The Core Infrastructure Initiative (“CII”) was launched as an outcome of the recent Heartbleed OpenSSL security crisis. Technology’s largest companies have come together and donated to a multi-million dollar project to fund open source projects like Open SSL, managed by the Linux Foundation. In the first week, initial founding members such as Amazon, Cisco, Dell, Facebook, Fujitsu, Google, IBM, Intel, Microsoft, NetApp, Qualcomm, Rackspace, and VMware committed US$3.9m over the next three years.

The funding for the Open SSL open source project will allow the Linux Foundation to hire key developers, undertake third party security audits, test Internet infrastructure, and improve response times for patches. Open source software provides the foundation for much of the Internet infrastructure. Historically, the open source model has also produced high quality security software as found by the Coverity Open Scan study.

When we think of open source, Google, IBM, and Intel come to mind. It’s good to see the Blue Chip group of technology companies come to together as a whole. Microsoft’s Steve Lipner, Partner Director of Software Security says: “Security is an industry-wide concern requiring industry-wide collaboration”.

CII will form a steering committee of CII members, developers, industry expects, and stakeholders to identify open source projects in need of support. The Committee members will oversee project roadmaps, approve funding commitments, and add additional members (crypto experts). OpenSSL will maintain independently open source, as the founding companies are not interested in “close-sourcing” the project.

Can we sit back and relax with the technology industry working together to fund security infrastructure? NO, as we have a more recent example of major security flaws! According to a published research report from FireEye, hackers have been using an Internet Explorer (IE) remote execution vulnerability, especially in the defense, energy, and financial services industries. Microsoft released a patch on May 1st, 2014 for the zero-day Internet Explorer vulnerability known as 2963983 or (CVE-2014-1776). With a large market share (57.64%) of the browser market, everyone is asked to apply the security patches immediately. There is also an increased sense of urgency as Microsoft has recently stopped supporting the Windows XP operating system, which still enjoys a 26.29% market share (NetMarketShare April 2014).

The jury is still out on whether open source or closed source software results in more secure software.

For more information on the Core Infrastructure Initiative (CII), please visit:

This is part two of a series on the Heartbleed security flaw. For a comprehensive overview of the Heartbleed issue, please read Part one: Heartbleed Security Flaw – The Good, Bad and Ugly.



  • Will the Core Infrastructure Initiative bring back confidence to Open Source?

The CII funding is a shot in the arm for open source projects like Open SSL. This is a good start to improve the stability of the Internet and hopefully a direction for the better.

OpenSSL was created back in the 1990’s to build a common set of cryptographic libraries to allow software on the Internet to benefit from the security. It was difficult for many companies to build their own cryptographic libraries. The theory of having software reviewed by the entire open source community provides more scrutiny and eyeballs on the source code.

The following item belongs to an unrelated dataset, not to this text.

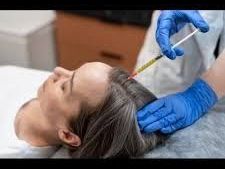 best-gfc-hair-treatment-in-delhi-at-citrine-clinic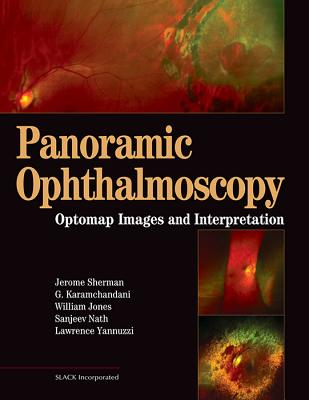 Panoramic Ophthalmoscopy: Optomap Images and Interpretation - Sherman, Jerry, and Karamchandani, Gulshan, Bs, and Jones, William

  • Will this prevent the next major Internet Security flaw?

Microsoft released a statement on Saturday April 28, 2014 regarding a zero-day exploit in the Internet Explorer (IE) browser. The vulnerability is a remote code execution vulnerability in IE versions six to eleven, and a patch has been released. Windows XP users are at most risk since the product is no longer officially supported and therefore users do not get these updates.

IE has had 275 vulnerabilities, 53 of which already have happened in this year to date.

Vulnerability in Internet Explorer Could Allow Remote Code Execution

  • Where will the next critical security breach happen?

With consumers and enterprises adopting cloud applications and increasingly using mobile devices such as smartphones and tablets (BYOD), we’ll likely see more major security issues and breaches in mobile and the cloud.